A Melbourne man was discovered to have a long parasitic worm living inside his foot after he went to the doctor complaining of a swollen foot in Australia, The Sydney Morning Herald reported.

The 38-year-old migrant from Sudan went to the doctor after his foot had been giving him trouble for about a year. After showing doctors at St Vincent's Hospital a large abscess on his foot, an X-ray revealed that two pieces of dead parasitic worm had been living inside his foot for years.

Initially, the patient's year-long pain led doctors to believe that the source of his suffering was most likely being caused by an infection, according to The Independent. However, an X-ray found what appeared to be two spaghetti-shaped pieces of "guinea worm" in his ankle and foot, each a few centimeters long.
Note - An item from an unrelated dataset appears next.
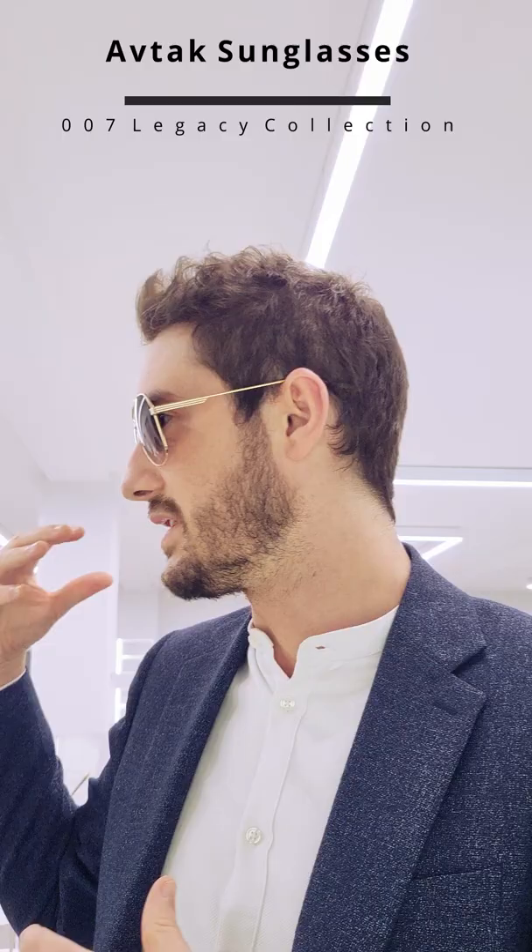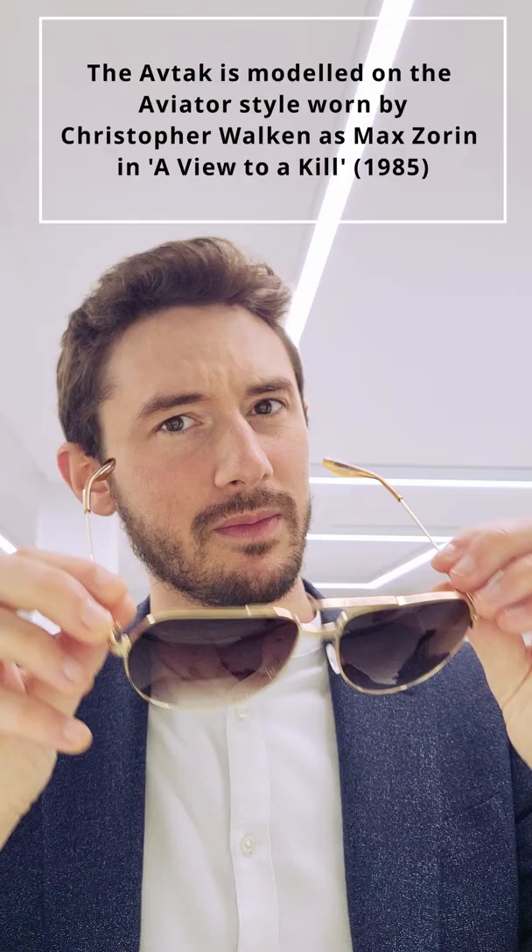They feature extremely good quality lenses. You can tell immediately as you look through them that there's just no glare — it's a very restful tint. And not only that, but they come in three really nice colours. This is the one that I would go for: the all gold.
After surgery was conducted to remove the abscess and pieces of worm, the patient had gone on to make a full recovery, said Dr. Jonathan Darby, an infectious diseases physician at St. Vincent's Hospital in Melbourne.
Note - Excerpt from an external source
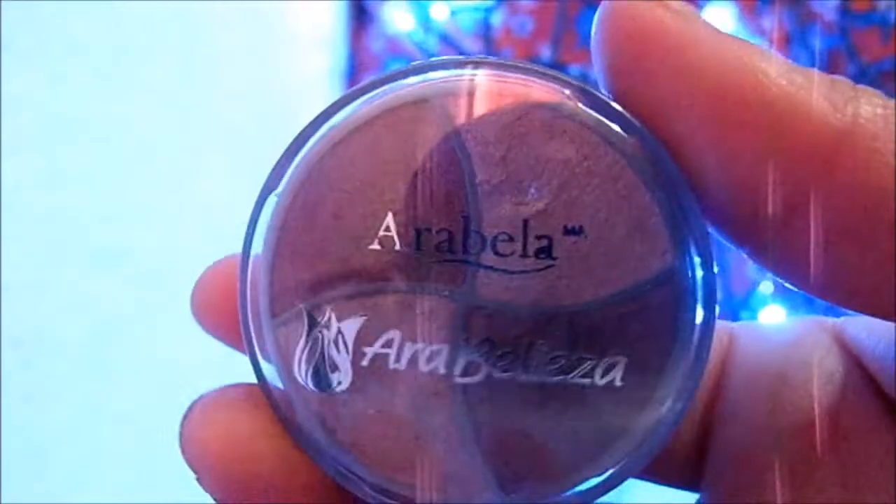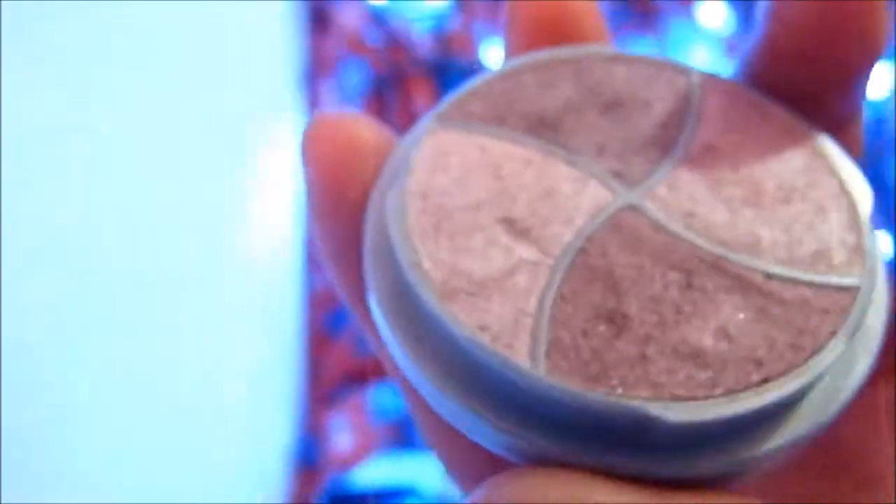This is from the line Ara Belleza — the Arabella. I mentioned it there in the catalog. If you realize, there are some bronze colors, which is the one I wanted, but I think those are finished, so they sent me this one. These are a little rosy.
The centimeters-long parasitic worm, capable of growing up to one meter-long, comes from Africa and can makes its way inside if a human drinks water that contains water fleas infected with guinea worm lava, also known as Dracunculiasis medinensis. 

The man could have possibly been infected in Africa before he moved to Australia four years ago, Darby said.

Although it's not infectious, once the African guinea worm gets inside the human body, its larvae travels into the intestines, burrows into the stomach, causes the victim's feet to burn intensely and then tries to emerge through the skin -- leading to blisters or ulcers.

But it is only after a year that symptoms of pain start cropping up, similar to what happened with the 38-year-old patient in Melbourne, UK Mirror reported.

"The worm causes an intense burning sensation in the feet. People want to put their feet into water to relieve the pain," Darby said. "The parasitic worm uses that trick to release larvae in the water, which turns into water fleas that are then ingested by ­people drinking unsafe water."

"That whole process can take years. It can sit inside the human body alive for years or die, degenerate, and then cause problems in the area like it did for our patient," he added.

Meanwhile, the case was examined in medical journal Pathology.